Washington

Donald Trump receives key endorsement from Sarah Palin

Two Trump endorsements—one from Sen. John McCain’s former running mate, and one from Iowa’s governor—come just before the Iowa caucus

 (SUSAN WALSH/AP)

(SUSAN WALSH/AP)

WASHINGTON – One of the most polarizing figures in American politics has helped obliterate any lingering chance that Donald Trump might recede to the background before the presidential nomination voting starts in two weeks.

The endorsement of the reality-TV-star-turned-politician by a politician-turned-reality-TV-star, Sarah Palin, was just one of several developments celebrated by the Trump camp Tuesday.

Trump not only won the support of the Tea party star. He also buttered up corn farmers in Iowa. He got what amounted to a de-facto endorsement from the governor of the earliest-voting state. He even got the backing of John Wayne’s daughter.

“No more pussyfootin’ around,” the ex-vice-presidential candidate told an Iowa rally.

“Are you ready for a commander-in-chief who will let our warriors do their job and go kick ISIS ass?”

She ridiculed veteran politicians and applauded Trump’s private-sector past — “Can I get an hallelujah?” But her rambling address included applause lines that fell flat — like when she said Trump would use military might sparingly: “Jihadists… Let them duke it out and Allah sort it out.”

Related: Donald Trump can’t fight the arc of history

Standing nearby was the Republican front-runner. Trump entertained the crowd at one point by making the pointing-finger-you-are-fired gesture from his old TV show “The Apprentice.”

The alliance of two such political celebrities all but ensures that Trump will continue to receive the bulk of attention heading into the Feb. 1 Iowa caucuses, drowning out the competition including his chief rival, Sen. Ted Cruz.

At face value, the Iowa vote is relatively insignificant. It’s been far likelier in the past to pick a Republican nomination loser like Mike Huckabee and Rick Santorum, than crown the eventual winner. It awards a small number of convention delegates.

But it would represent a huge burst of momentum for Trump. He’s already dominating polls in the second-voting state, New Hampshire. A win in Iowa, followed by another in New Hampshire, would give him a huge advantage entering a series of southern primaries. He’s now beaten out his neck-and-neck Iowa rival, Cruz, for Palin’s affection.

While derided as a gaffe-prone dimwit by late-night comedians and the mainstream media, Palin has used her standing within the party to draw attention to conservative causes and candidates.

One of her former pet causes — ironically — was Cruz. She campaigned for the firebrand right-winger in his successful 2012 outsider bid for a senate seat.

Some of Cruz’s aides grumbled that she’d betrayed conservative principles by backing a celebrity Manhattanite whose political positions have shifted with the prevailing populist winds.

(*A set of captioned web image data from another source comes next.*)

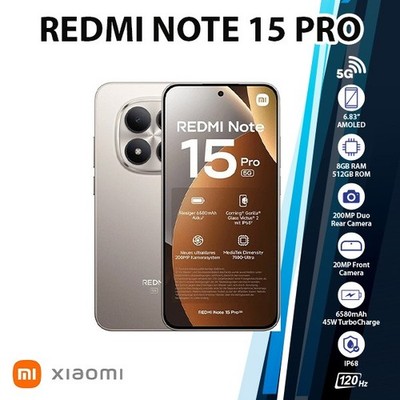 Xiaomi Redmi Note 15Pro Android Cell Phone(8GB+512GB/TITANIUM/Dual SIM/Unlocked)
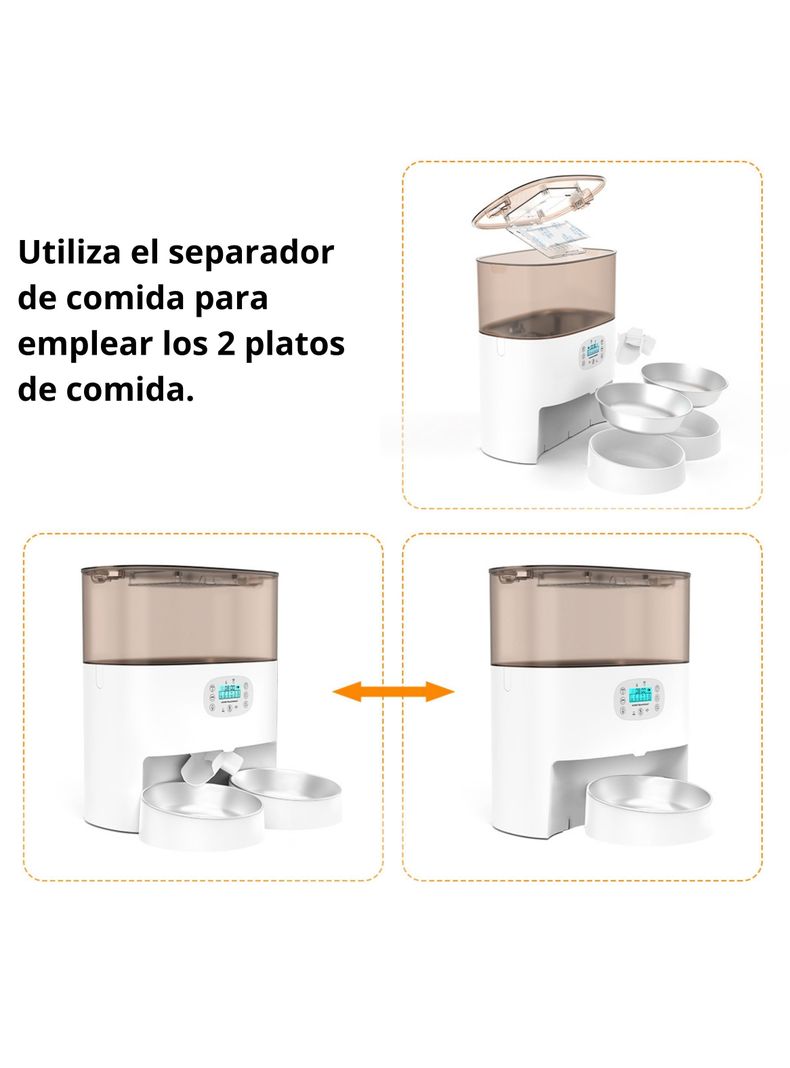 Dispensador Automático Comida Gato Wifi Doble Plato 5.6 L-7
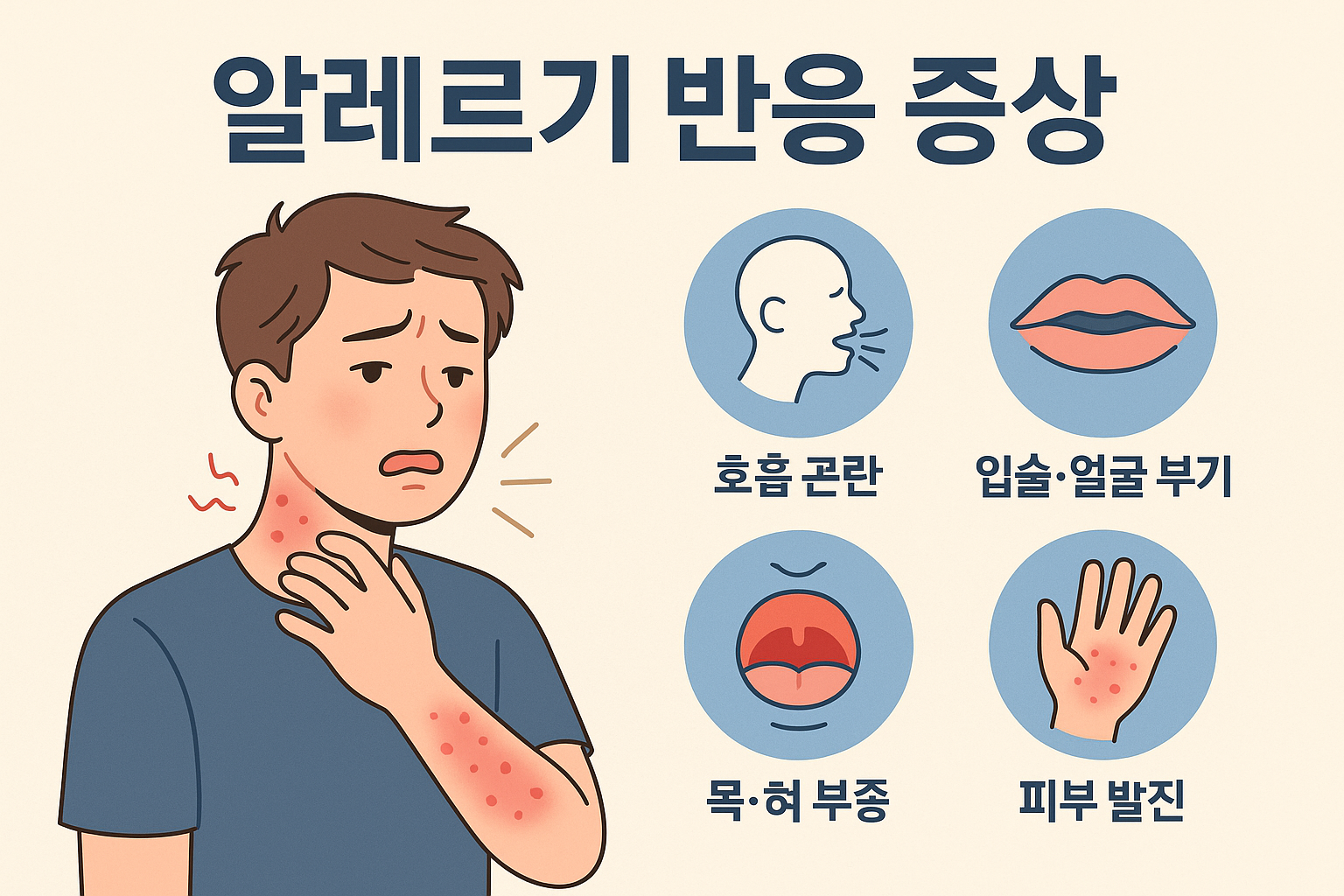 벌레 물림 후 나타날 수 있는 알레르기 반응 증상 인포그래픽 – 호흡 곤란, 입술·얼굴 붓기, 목·혀 부종, 피부 발진 아이콘 포함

But Cruz was gracious about it.

“I love (Palin),” the Canadian-born senator tweeted. “Without her support, I wouldn’t be in the Senate. Regardless of what she does in 2016, I will always be a big fan.”

He was less laudatory of the Iowa governor Tuesday. Terry Branstad said he wanted to see Cruz defeated. The reason: The Texas conservative opposes federal support for ethanol fuel.

“Ted Cruz is ahead right now,” Branstad said, according to the Des Moines Register.

“He’s heavily financed by Big Oil… (He) hasn’t supported renewable fuels, and I think it would be a big mistake for Iowa to support him.”

Cruz has cast his position as a courageous stand for free-market principles, against federal renewable-fuels standards that cost consumers and enrich Iowa farmers.

Trump is going all-in on ethanol. He called Tuesday for an increase in the minimum-ethanol content — which polls suggest is extremely popular in the state.

A conservative writer expressed exasperation that Palin would endorse a candidate with such anti-conservative policies.

But Charles C. W. Cooke noted something he’d written a year ago about Palin: that she was less like Ronald Reagan and more like Trump, less about conservative principles than about selling emotion and outrage.

“Fast-forward a year and she’s endorsing Donald Trump — who’s running around the country, rambling, not making a whole lot of sense, and selling outrage and emotion,” he told MSNBC. “I think they’re two peas in a pod.”